Australia-based AWE said Wednesday it has agreed to sell its 10 percent working interest in the Sugarloaf Area of Mutual Interest to Carrier Energy Partners II for $190 million in cash.
AWE has received a $14 million deposit from Houston-based CEP II, a private oil and gas company focused on the acquisition and exploitation of upstream assets.
The Sugarloaf AMI comprises 24,000 acres in the Eagle Ford shale play and holds proved plus probable reserves of 47.8 million barrels of oil equivalent, according to AWE.
The transaction is expected to be completed by the end of March 2016.

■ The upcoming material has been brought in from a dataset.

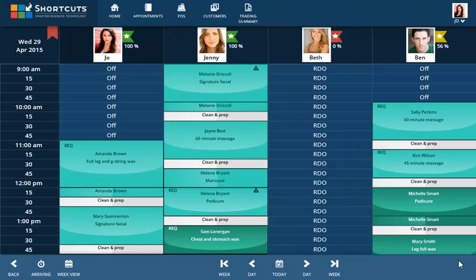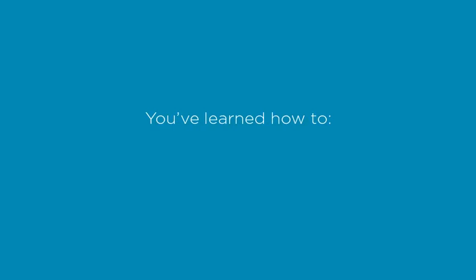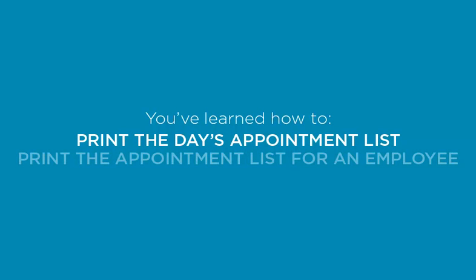If you want to print the appointment book for one employee only, select the Employees column, then click Print. Click Yes to confirm that you want to print appointments for that employee. In this lesson you've learned how to print the day's appointment list and print the appointment list for an employee.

AWE said it will use the sale proceeds to repay debt drawn under the company’s debt facility.
The proceeds are expected to “substantially strengthen the company’s balance sheet” leaving AWE in a net cash position of about $42 million, or AUD 60 million, at the anticipated closing date.
The sale agreement has an effective date of January 1, 2016 and is subject to purchase price adjustments at closing, including a $9 million payment to AWE for drilling costs incurred prior to the effective date.
The sale is expected to generate an unaudited, after-tax non-cash profit of $11.27 million, subject to purchase price adjustments.
The current mark to market value of AWE’s unutilised oil price hedges relating to the Sugarloaf asset is $5.2 million.
AWE acquired its 10 percent stake in Sugarloaf in 2010.
AWE’s managing director and CEO Bruce Clement said that the sale of the Sugarloaf stake is consistent with the company’s strategy of divesting assets in order to recycle capital into ground floor developments, such as the Waitsia gas project in Western Australia.
“AWE has worked with the operator, Marathon Oil, over the past few years to optimally develop the asset and realise its potential. With Sugarloaf now entering a more mature phase of production and development, the time is right to divest this asset and focus on the next major project for AWE – the Waitsia gas project in Western Australia,” Clement said.
The sale of the Sugarloaf stake is expected to reduce AWE’s production, sales revenue and development expenditure guidance for the 2015 to 2016 financial year.
The company said it will restate its guidance in its half year results on February 24.